Они расстались. По возвращении домой отец Кабочини узнал, что курьер из Рима привез какие-то депеши Родену.
64. ПЕРВОЕ ИЮНЯ
Часовня при доме отцов иезуитов на улице Вожирар была изящна и кокетлива. Цветные окна распространяли таинственный полусвет, алтарь, украшенный золотом, и серебром, блестел. У дверей маленькой церкви, за органом помещалась в темном углублении большая мраморная кропильница со скульптурными украшениями. За этой-то кропильницей, в темном углу, с раннего утра первого июня, как только открыли двери часовни, скрывался Феринджи.

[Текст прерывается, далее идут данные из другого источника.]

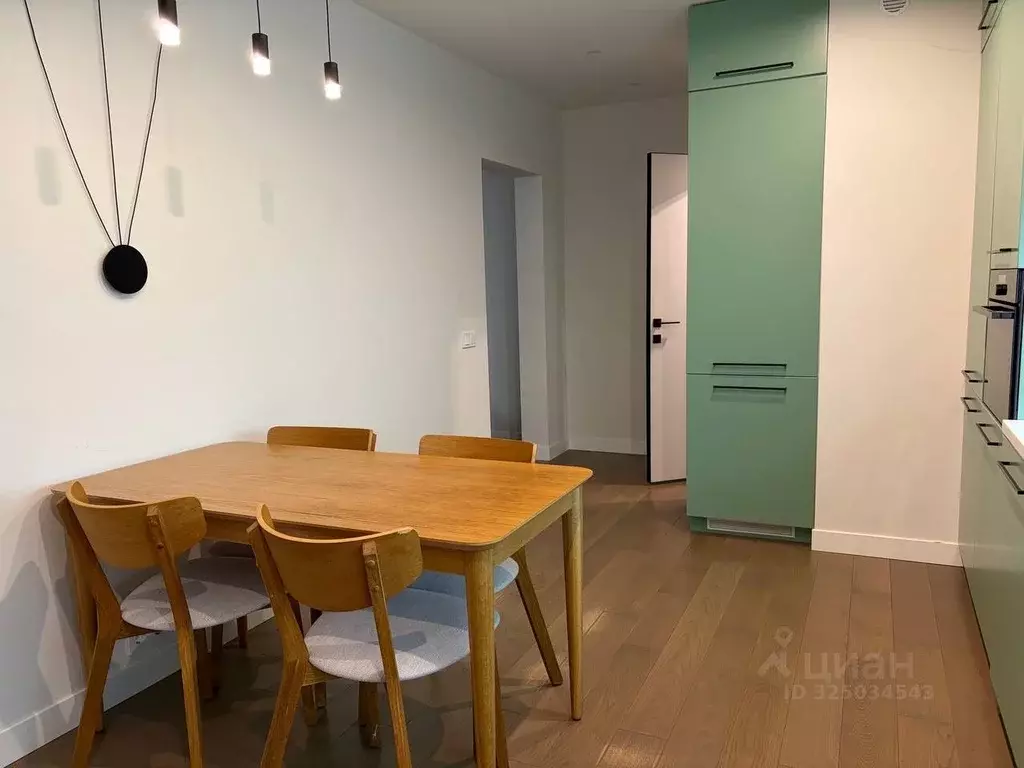 3-к кв. Москва Вольная ул., 28/4к3 (80.8 м) - Фото 1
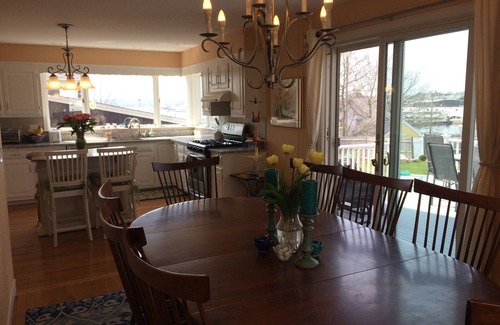 Gloucester House | Harbor View House, Walk to Beach, Sunsets from Deck
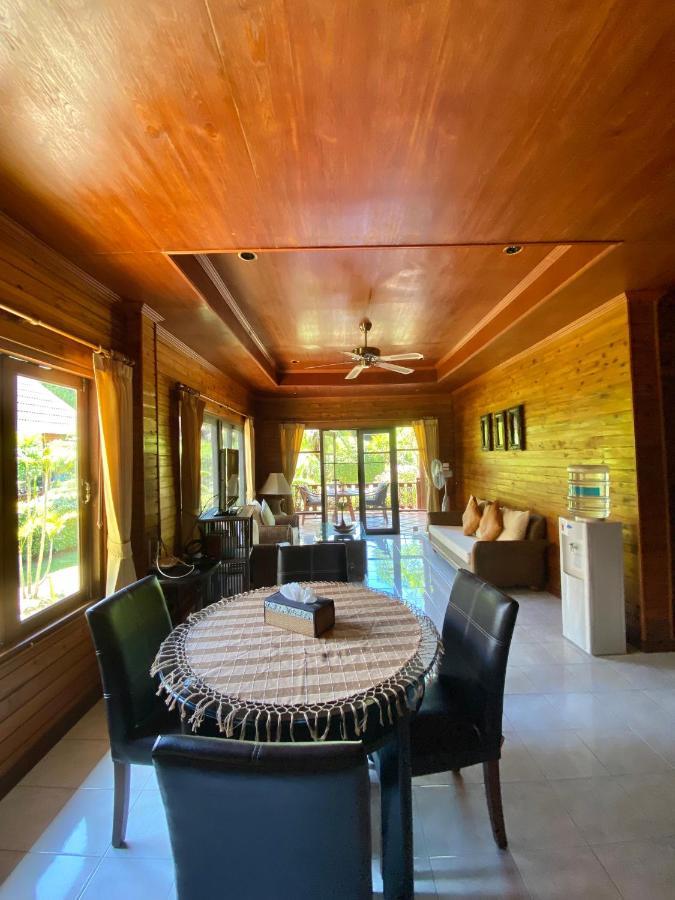 Baan Laem Noi Villa's Praia de Mae Nam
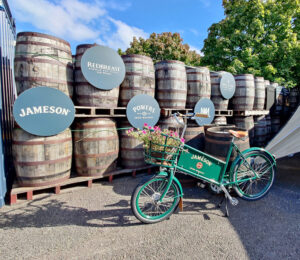 Midleton Distillery / Jameson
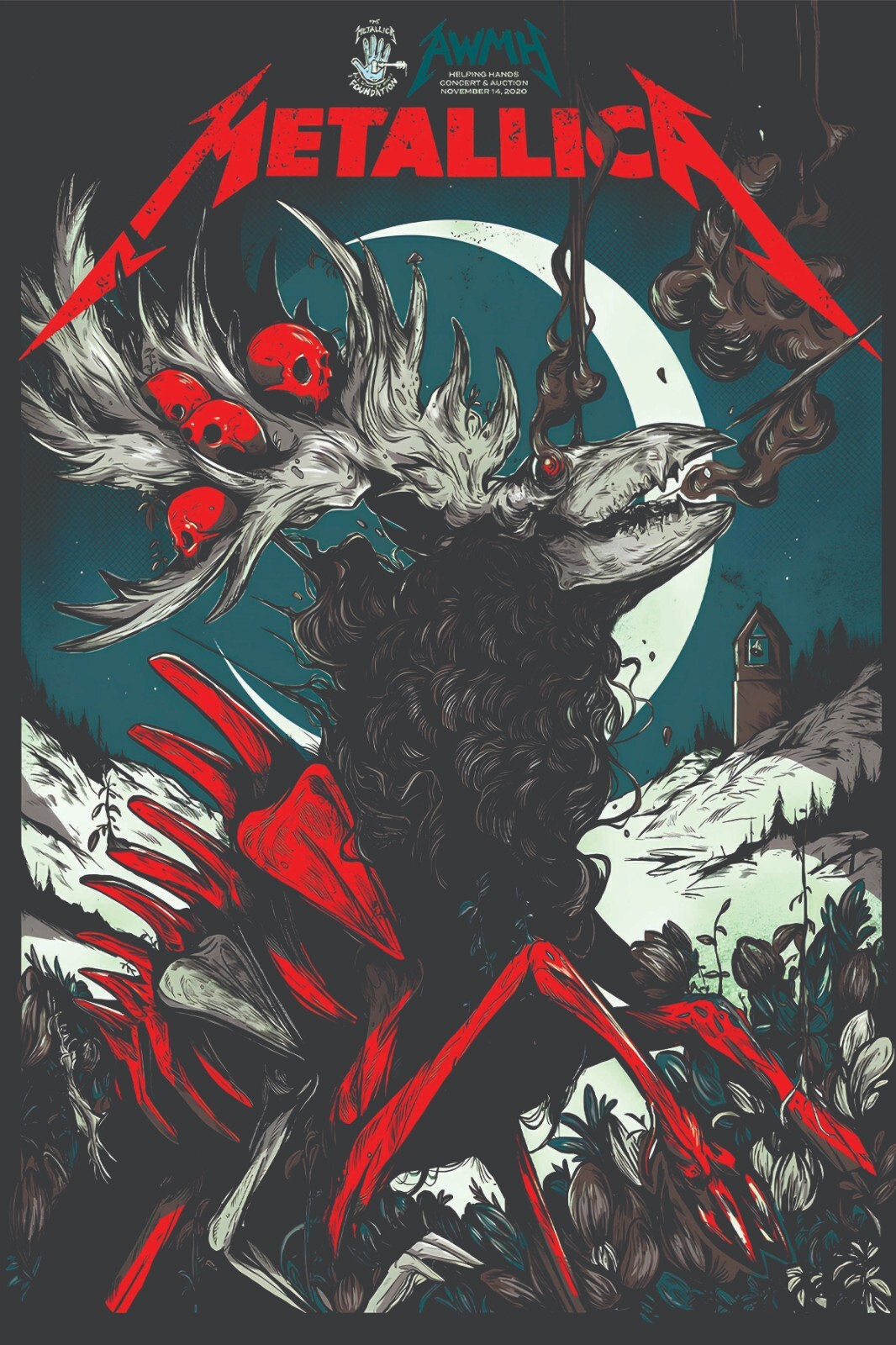 Custom order 11x17 posters.  Posters listed in description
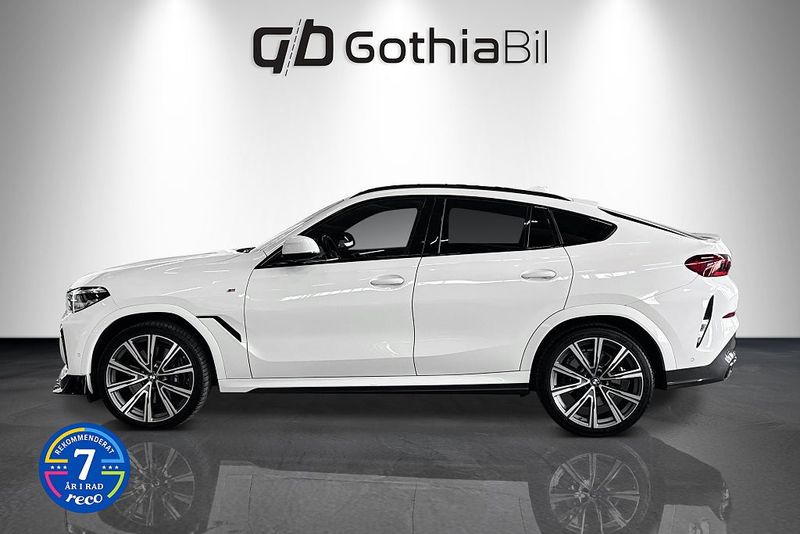 BMW X6 bild 8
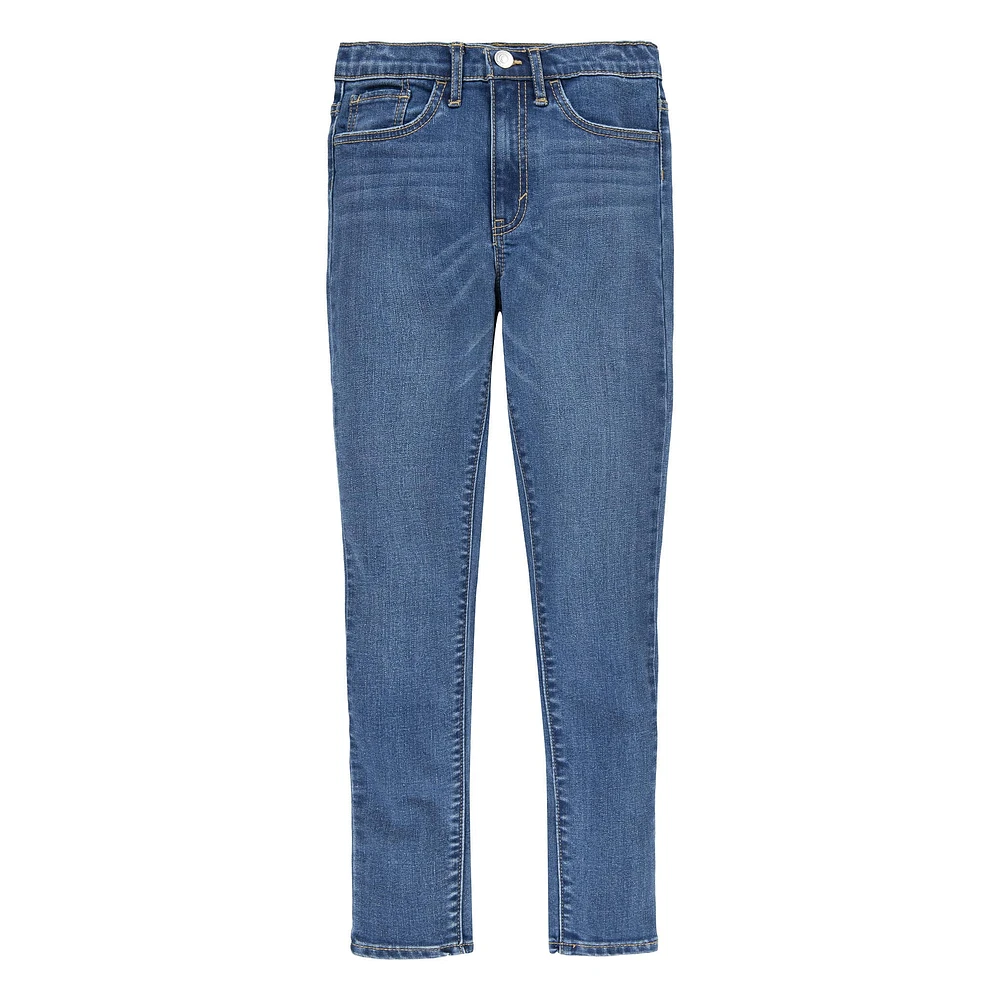 720 High Rise Skinny Jeans 716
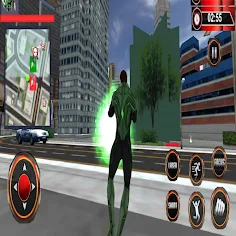 Green Guardian: Nature's Hero - Screenshot 4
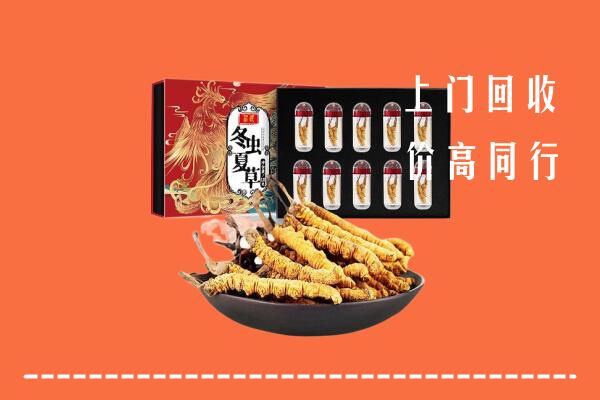 收购行情：兴安盟回收虫草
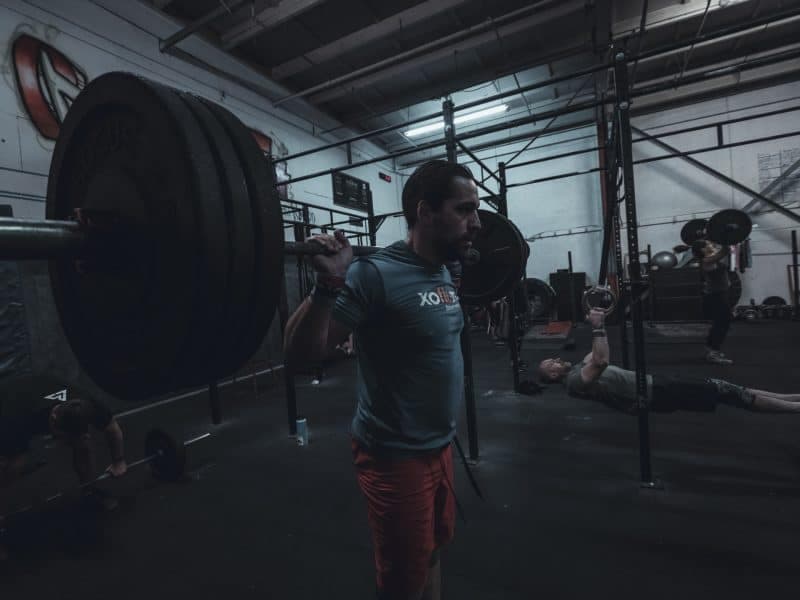 Barbell Fury & Advanced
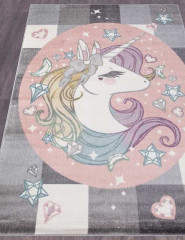 Ковёр SOFIT-2394-LIGHT-GRAY-STAN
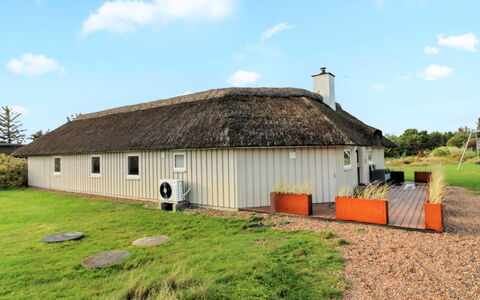 Annalise - 1Km from the Sea: House, Roof, Home, Cottage, Shrub, Groundcover, Estate, Farmhouse, Siding, Garden Buildings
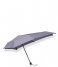 Senz Umbrella Mini Foldable Storm Umbrella Lavender Gray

Метис, казалось, был очень грустен. Время от времени он вздрагивал и вздыхал как бы под влиянием тяжелой внутренней борьбы. Эта дикая, неукротимая натура, этот фанатик зла и разрушения преклонялся перед Роденом, оказавшим на него какое-то магнетическое влияние. Метис, этот хищный зверь в человеческом образе, видел нечто сверхчеловеческое в адском гении Родена, и последний, сразу оценив искренность этого поклонения, удачно воспользовался им, чтобы довести до трагического конца с помощью метиса любовь Джальмы и Адриенны. Все, что Феринджи знал об ордене, внушало ему великое уважение; эта безграничная и тайная власть, которая вела подкопы под мир и достигала цели с помощью дьявольских ухищрений, зажгла в метисе дикий энтузиазм, и если он признавал что-нибудь выше Родена, то только орден Лойолы, создававший ходячие трупы.
Феринджи был погружен в глубокую думу, когда послышались шаги и в часовню вошел отец Роден в сопровождении своего социуса, маленького кривого аббата. Вследствие своей озабоченности и темноты в храме Роден не заметил метиса, стоявшего неподвижно, как статуя, несмотря на волнение, столь жестокое, что лоб его был покрыт холодным потом. Понятно, что молитва отца Родена была очень коротка: он торопился на улицу св.Франциска.
После того как Роден, подобно отцу Кабочини, преклонил на несколько мгновений колени, он встал, благоговейно склонился перед алтарем и направился к выходной двери. В нескольких шагах от него шел его социус. Подойдя к кропильнице, Роден заметил Феринджи.
— В два часа будь у меня, — озабоченно шепнул Роден метису, почтительно перед ним склонившемуся.
При этом Роден протянул руку к кропильнице, чтобы омочить пальцы. Предупреждая его желание, Феринджи поспешно подал ему смоченное кропило, которое обыкновенно держат в святой воде. Коснувшись грязными пальцами поданного кропила, Роден обильно смочил пальцы и по обычаю сделал ими на лбу знак креста, затем, отворяя выходную дверь, он еще раз повторил метису:
— В два часа у меня.
Желая воспользоваться водой с кропила, которое неподвижный Феринджи продолжал держать в дрожащей руке, отец Кабочини протянул было свои пальцы, но метис, желавший, видимо, ограничиться любезностью лишь по отношению к отцу Родену, живо отдернул кропило. Обманувшись в своем ожидании, отец Кабочини поспешил за Роденом, которого он не должен был, особенно в этот день, терять из виду.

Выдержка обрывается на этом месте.